» **Assigned task**:
Reproduce verbatim every line from the one that includes "gradient-dragonfly-sunglasses - Viexta" to the closing line of the entries; omit everything before it.

» **Records to use**:
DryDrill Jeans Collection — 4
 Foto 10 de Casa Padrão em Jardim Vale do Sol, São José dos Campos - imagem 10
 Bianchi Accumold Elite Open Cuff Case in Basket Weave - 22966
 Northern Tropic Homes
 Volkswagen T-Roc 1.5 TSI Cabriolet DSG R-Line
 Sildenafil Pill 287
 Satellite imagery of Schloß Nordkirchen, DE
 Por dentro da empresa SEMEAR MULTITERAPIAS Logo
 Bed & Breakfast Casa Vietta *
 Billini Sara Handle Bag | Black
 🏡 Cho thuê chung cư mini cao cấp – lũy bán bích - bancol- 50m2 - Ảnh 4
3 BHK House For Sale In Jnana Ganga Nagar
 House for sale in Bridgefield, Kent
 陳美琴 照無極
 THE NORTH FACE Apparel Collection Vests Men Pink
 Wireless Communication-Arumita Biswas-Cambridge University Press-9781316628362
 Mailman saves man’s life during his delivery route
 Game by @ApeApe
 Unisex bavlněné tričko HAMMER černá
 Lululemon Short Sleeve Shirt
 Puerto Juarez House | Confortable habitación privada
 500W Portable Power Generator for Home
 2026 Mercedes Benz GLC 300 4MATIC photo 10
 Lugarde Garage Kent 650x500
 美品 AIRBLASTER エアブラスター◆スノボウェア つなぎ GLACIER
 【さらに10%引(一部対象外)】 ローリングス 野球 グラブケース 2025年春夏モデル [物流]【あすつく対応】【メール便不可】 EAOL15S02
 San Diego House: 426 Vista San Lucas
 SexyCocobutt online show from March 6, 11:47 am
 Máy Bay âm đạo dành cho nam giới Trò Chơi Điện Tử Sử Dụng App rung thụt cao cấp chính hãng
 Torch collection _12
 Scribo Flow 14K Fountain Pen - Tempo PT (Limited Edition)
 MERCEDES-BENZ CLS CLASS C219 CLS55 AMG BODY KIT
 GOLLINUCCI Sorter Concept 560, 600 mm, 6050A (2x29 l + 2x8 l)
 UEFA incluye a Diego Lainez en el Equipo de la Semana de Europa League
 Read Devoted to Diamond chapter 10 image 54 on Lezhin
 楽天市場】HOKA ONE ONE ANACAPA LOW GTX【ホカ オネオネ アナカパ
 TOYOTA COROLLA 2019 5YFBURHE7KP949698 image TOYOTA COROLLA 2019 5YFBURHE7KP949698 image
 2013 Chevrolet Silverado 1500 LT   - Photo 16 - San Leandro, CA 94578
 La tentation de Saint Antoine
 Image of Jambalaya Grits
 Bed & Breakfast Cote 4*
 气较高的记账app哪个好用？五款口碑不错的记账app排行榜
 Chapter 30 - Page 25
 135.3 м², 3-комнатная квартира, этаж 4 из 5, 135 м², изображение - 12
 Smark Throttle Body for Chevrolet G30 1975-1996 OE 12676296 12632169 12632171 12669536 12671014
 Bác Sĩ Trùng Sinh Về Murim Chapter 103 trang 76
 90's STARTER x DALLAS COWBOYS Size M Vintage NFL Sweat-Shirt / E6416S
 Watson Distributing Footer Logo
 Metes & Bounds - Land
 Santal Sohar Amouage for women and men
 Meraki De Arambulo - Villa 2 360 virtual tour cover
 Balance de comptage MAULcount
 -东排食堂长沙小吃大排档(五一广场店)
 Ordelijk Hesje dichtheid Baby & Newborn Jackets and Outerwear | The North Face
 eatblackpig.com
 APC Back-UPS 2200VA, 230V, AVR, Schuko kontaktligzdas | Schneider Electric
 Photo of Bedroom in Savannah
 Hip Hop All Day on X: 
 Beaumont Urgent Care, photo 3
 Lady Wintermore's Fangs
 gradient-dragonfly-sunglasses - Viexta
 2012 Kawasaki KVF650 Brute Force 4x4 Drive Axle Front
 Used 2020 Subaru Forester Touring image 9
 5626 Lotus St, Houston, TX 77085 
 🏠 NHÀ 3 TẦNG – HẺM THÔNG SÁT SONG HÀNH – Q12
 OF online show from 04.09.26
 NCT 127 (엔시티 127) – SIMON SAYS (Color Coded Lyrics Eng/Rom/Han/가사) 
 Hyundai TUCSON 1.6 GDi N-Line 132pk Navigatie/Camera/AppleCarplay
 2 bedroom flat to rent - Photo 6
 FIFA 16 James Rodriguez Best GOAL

» **Answer section**:
 gradient-dragonfly-sunglasses - Viexta
 2012 Kawasaki KVF650 Brute Force 4x4 Drive Axle Front
 Used 2020 Subaru Forester Touring image 9
 5626 Lotus St, Houston, TX 77085 
 🏠 NHÀ 3 TẦNG – HẺM THÔNG SÁT SONG HÀNH – Q12
 OF online show from 04.09.26
 NCT 127 (엔시티 127) – SIMON SAYS (Color Coded Lyrics Eng/Rom/Han/가사) 
 Hyundai TUCSON 1.6 GDi N-Line 132pk Navigatie/Camera/AppleCarplay
 2 bedroom flat to rent - Photo 6
 FIFA 16 James Rodriguez Best GOAL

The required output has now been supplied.